Assignment. Output the full listing below exactly, without the pictures.

[Stored data Boundary: Start]

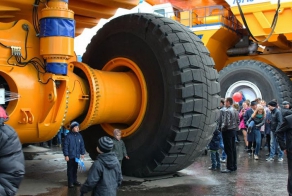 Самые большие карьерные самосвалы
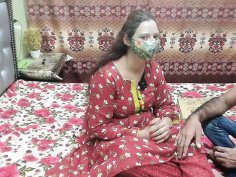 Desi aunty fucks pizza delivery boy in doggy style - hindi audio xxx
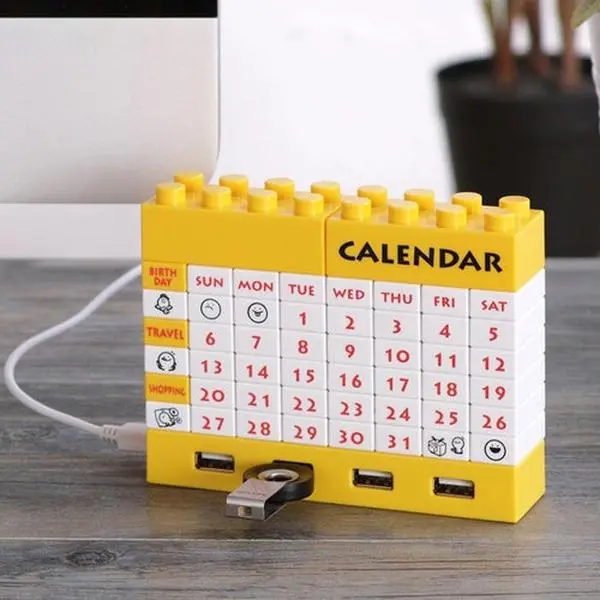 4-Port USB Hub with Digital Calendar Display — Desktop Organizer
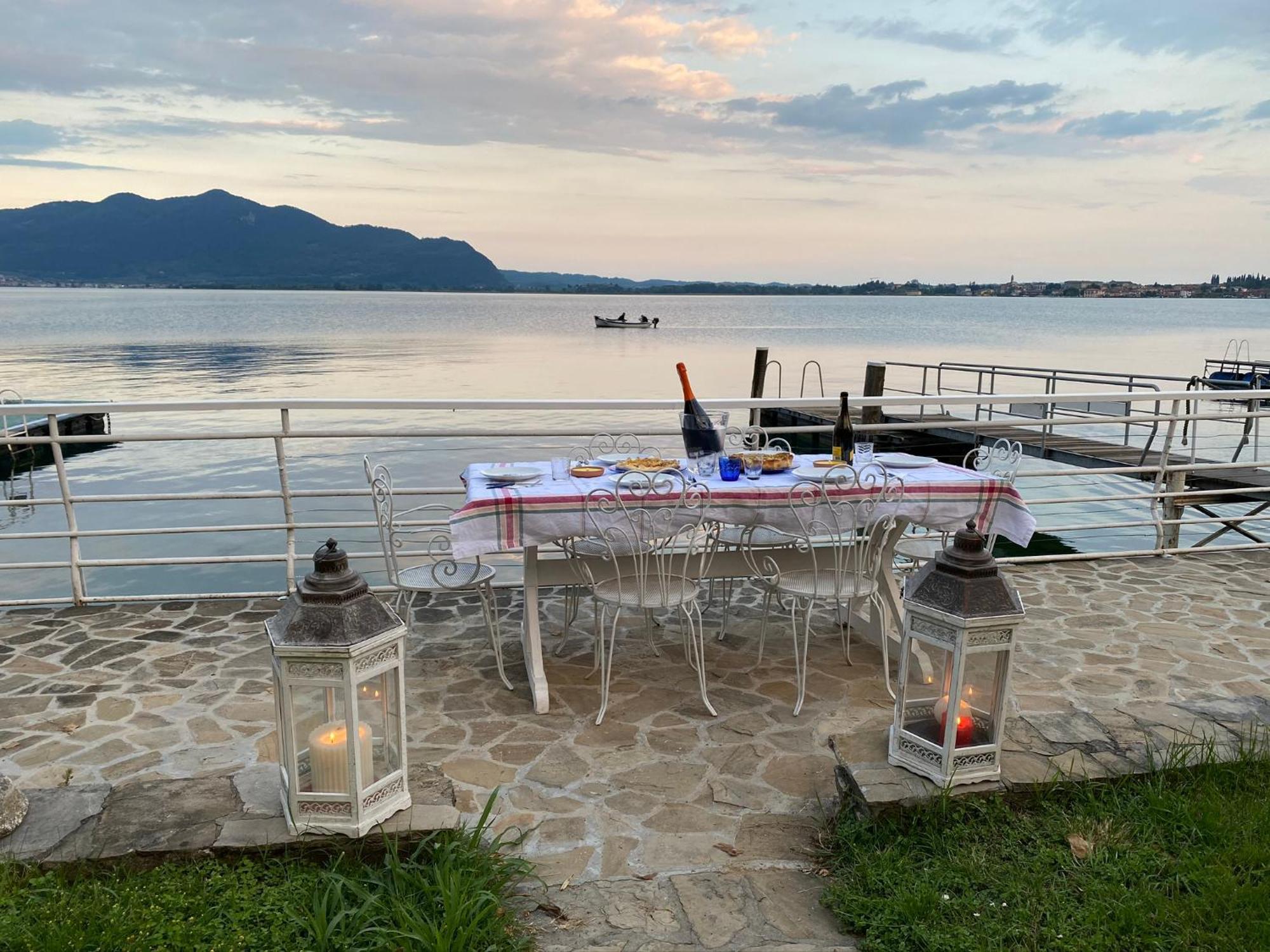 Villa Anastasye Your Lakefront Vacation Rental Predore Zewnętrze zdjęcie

[Stored data Boundary: End]

Solution.
 Самые большие карьерные самосвалы
 Desi aunty fucks pizza delivery boy in doggy style - hindi audio xxx
 4-Port USB Hub with Digital Calendar Display — Desktop Organizer
 Villa Anastasye Your Lakefront Vacation Rental Predore Zewnętrze zdjęcie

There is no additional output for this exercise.